Gelukkig zij die dat dragen in vrede,
want door U, Allerhoogste, zullen zij worden gekroond."

"Geloofd zijt gij, mijn Heer,
door onze zuster de lichamelijke dood,
waaraan geen mens kan ontsnappen.
Wee hen die sterven in doodzonde.
Gelukkig wie zij aantreft in uw allerheiligste wil
Want de tweede dood zal hun geen kwaad doen."

"Loof en zegen mijn Heer
en dank en dien Hem met grote nederigheid."

Homilie

Met dit gedicht krijgen we een diep inzicht in de religieuze beleving van Franciscus. Via een lofzang op de natuur gaat Franciscus een symbolische weg naar de diepte van zijn ziel.
Het gedicht begint met een lofzang op de grootheid van God, de Ene en Verhevene. Na deze verticale beweging slaat zijn gevoel om in een horizontale. Drie keer wordt een zuster-broederpaar genoemd:        
    Heer en broeder zon – zuster maan     
    Broeder wind – zuster water   
    Broeder vuur – zuster moeder aarde   

Opvallend is daarbij hoe hij met een heel krachtig, vaderlijk beeld begint en eindigt met een heel moeder. De mannelijke beelden beschrijft hij als krachtig, vol groei en dynamiek, de vrouwelijke met innigheid en innerlijkheid. Het is, zo schrijft E. Leclercq alsof Franciscus via de kosmos twee aspecten in zijn eigen persoon tracht samen te krijgen. Het mannelijke en vrouwelijke principe beheersen niet alleen heel de schepping, maar vormen ook een polariteit in hemzelf die hij tot verzoening tracht te brengen. Daardoor ontstaat een gevoel van heelheid en integratie wat een dieper besef van religiositeit wakker maakt. 

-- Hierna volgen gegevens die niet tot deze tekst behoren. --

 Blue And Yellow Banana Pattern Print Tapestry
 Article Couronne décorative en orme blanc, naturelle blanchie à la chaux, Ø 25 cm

In dit gedicht drukt Franciscus niet alleen zijn mystieke ervaring van de kosmos, van God en van zijn diepere zelf uit, maar hij verbindt deze symboliek met zijn manier van leven. Via getuigenissen weet men dat hij altijd vol eerbied over stenen liep, omdat ze hem deden herinneren aan God die heeft gezegd een Rots voor de mens te zijn. Kaarsen of fakkels doofde hij nooit, maar liet ze spontaan uitgaan uit eerbied voor Hem die het Licht wordt genoemd. De zon was voor hem symbool van gerechtigheid en het water symboliseerde de boetvaardigheid. Via het water van de doop ondergaan we immers een eerste reiniging. Franciscus verbindt zo de Blijde Boodschap met de grote symbolen van de kosmos, die op hun beurt verwijzen naar zijn eigen, innerlijke krachten. Anders gezegd: in een periode van diepe ellende, van ziekte en lichamelijke aftakeling ontvangt Franciscus de kracht en inspiratie om de macrokosmos te verbinden met zijn eigen microkosmos en dat alles te verbinden met de kabot Adonai, de heerlijkheid van God.     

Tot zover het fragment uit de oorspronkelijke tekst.